Gunmen killed an Alawite in Lebanon's tense second city Tripoli on Wednesday, a security source said, in an apparent new sectarian attack linked to the conflict in neighbouring Syria.
A woman bystander was also killed, and her son and a street vendor injured, when the slain man's vehicle crashed, the source added.
The northern port city has been rocked by repeated bouts of violence pitting its Sunni Muslim majority, who largely support the rebels in Syria, against the Alawite minority, who back their coreligionist President Bashar al-Assad.
"An Alawite employee of Tripoli city council was shot dead by two men on a motorbike who chased his car as he drove home after work," the security source told AFP.
"The car went out of control after the shooting, and crashed into a vegetable cart. A woman was standing there with her child. Both were wounded, and she died of her injuries soon afterwards," he added.

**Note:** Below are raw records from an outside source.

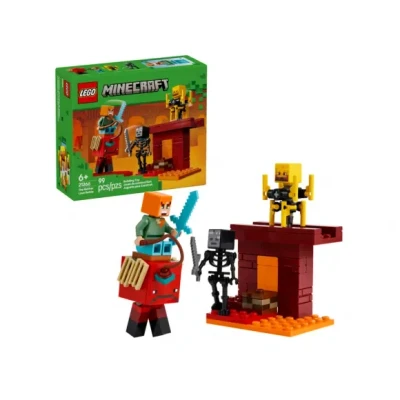 Afbeelding van LEGO Minecraft de lavastrijd in Nether voor kinderen 21266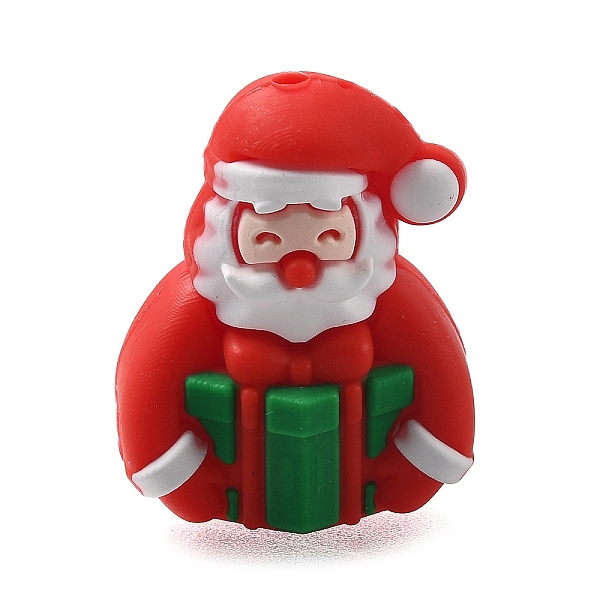 クリスマステーマのシリコンフォーカルビーズ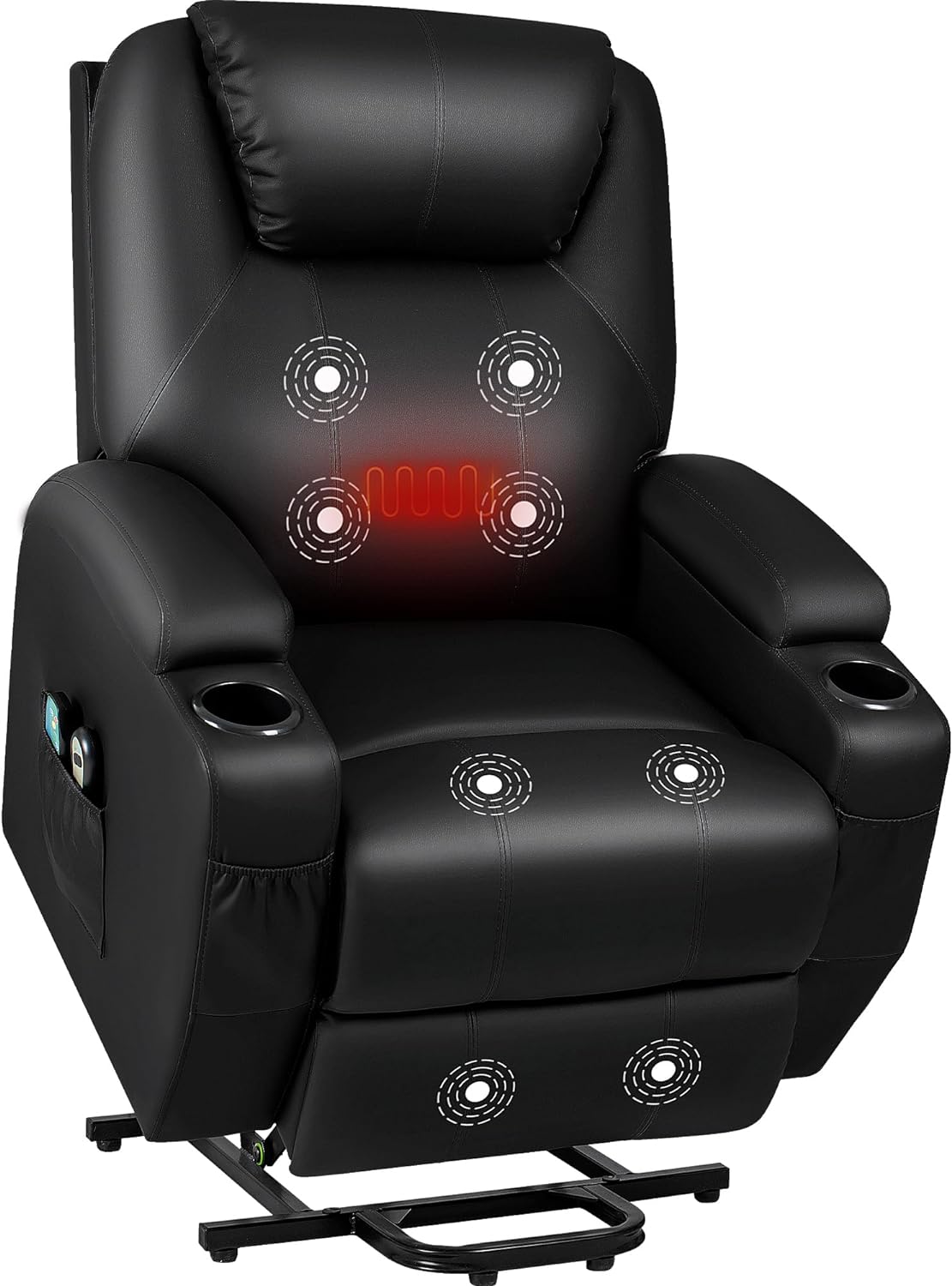 JUMMICO-Power-Lift-Recliner-Chair-with-Heat-and-Massage-for-Elderly - 5 Best Recliners for Back Pain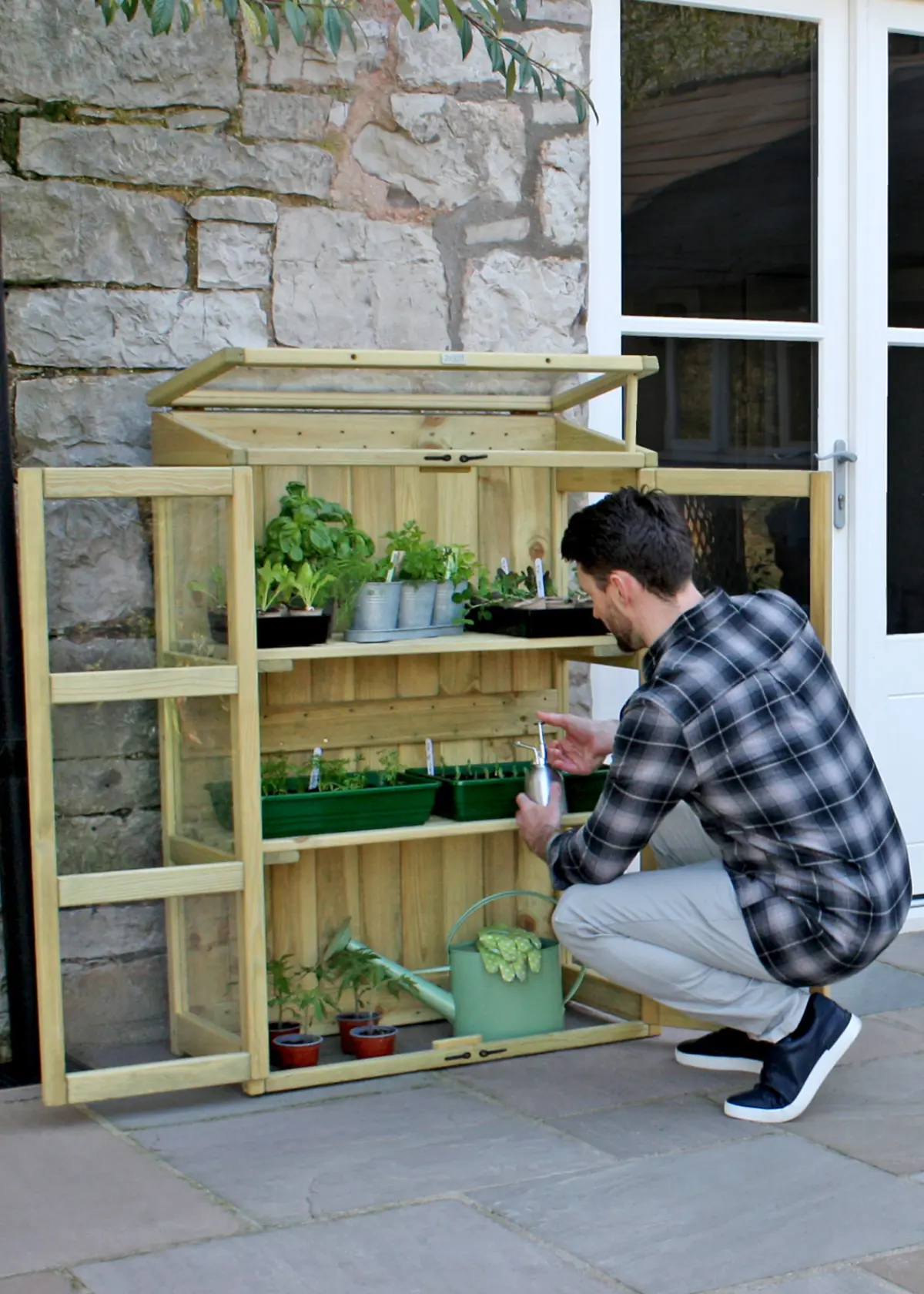 A photo of Compact Botanical Greenhouse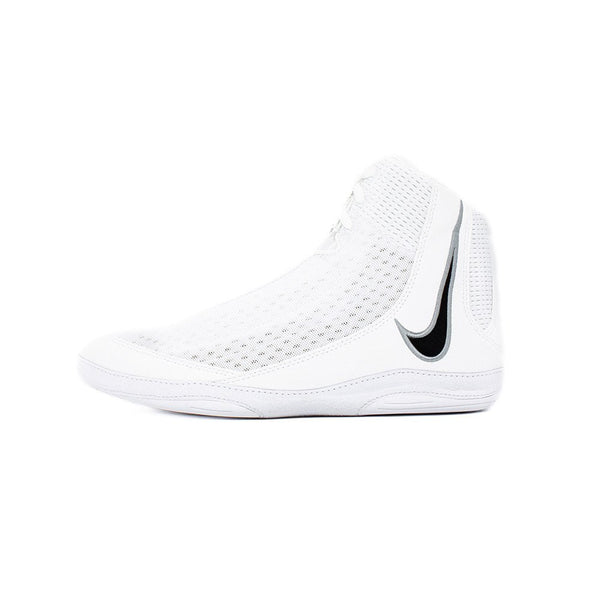 Nike Inflict 4 Wrestling Shoes - White/Black – alternate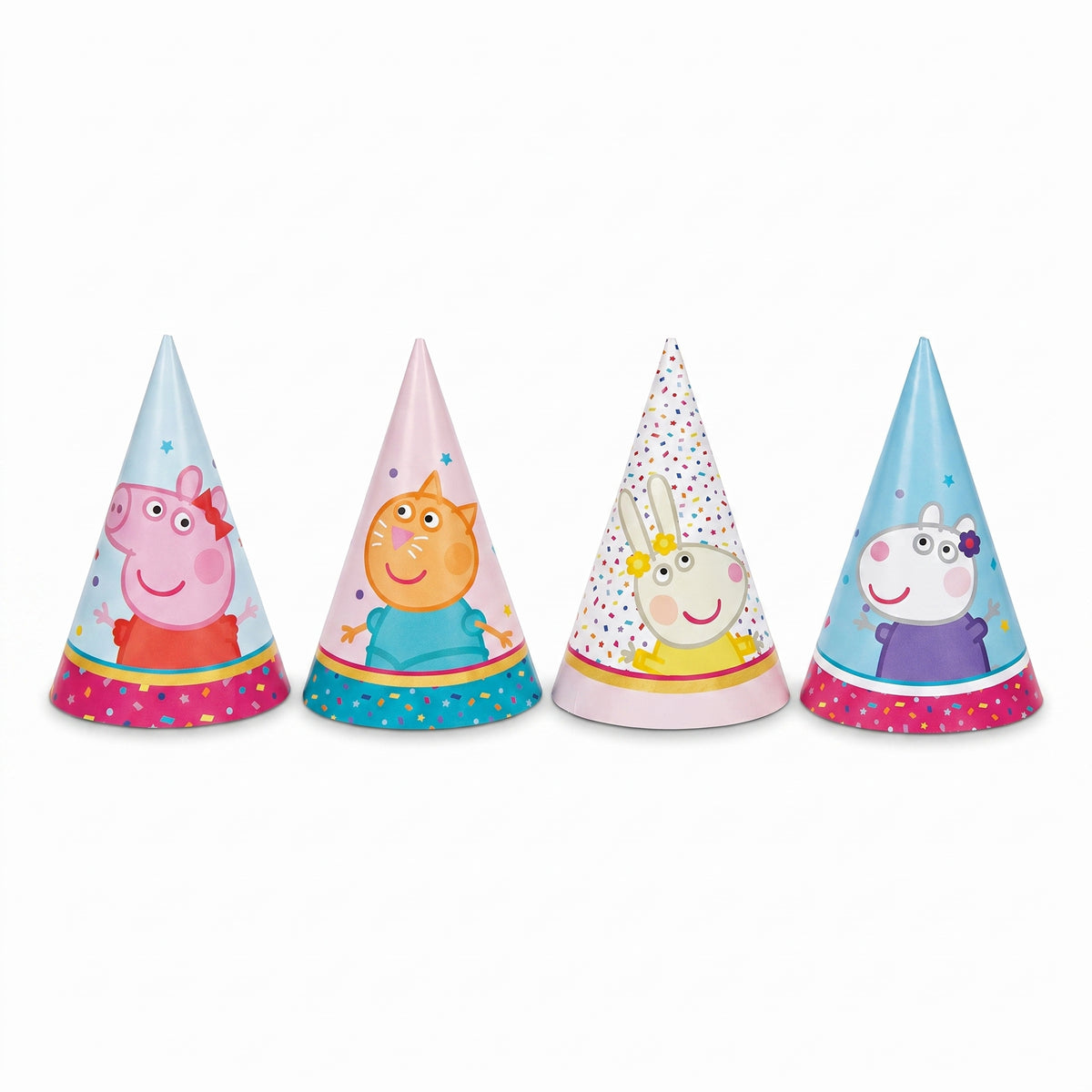 Peppa Pig Party Mini Hats - 8 Count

"The son's hand was broken, as was the cart vendor's leg."
A similar fatal attack on a Sunni earlier this month by gunmen on a motorbike sparked 13 days of armed clashes between neighbouring Sunni and Alawite districts of Tripoli that killed 27 people.
Tensions between mainly Sunni Bab al-Tebbaneh and mainly Alawite Jabal Mohsen go back decades but have been exacerbated by the three-year-old conflict in Syria.
In December, Human Rights Watch said a government security plan for Tripoli "should specifically include measures to protect Alawite residents and their property."
Alawites make up 11 percent of the city's population. Sunnis account for 80 percent.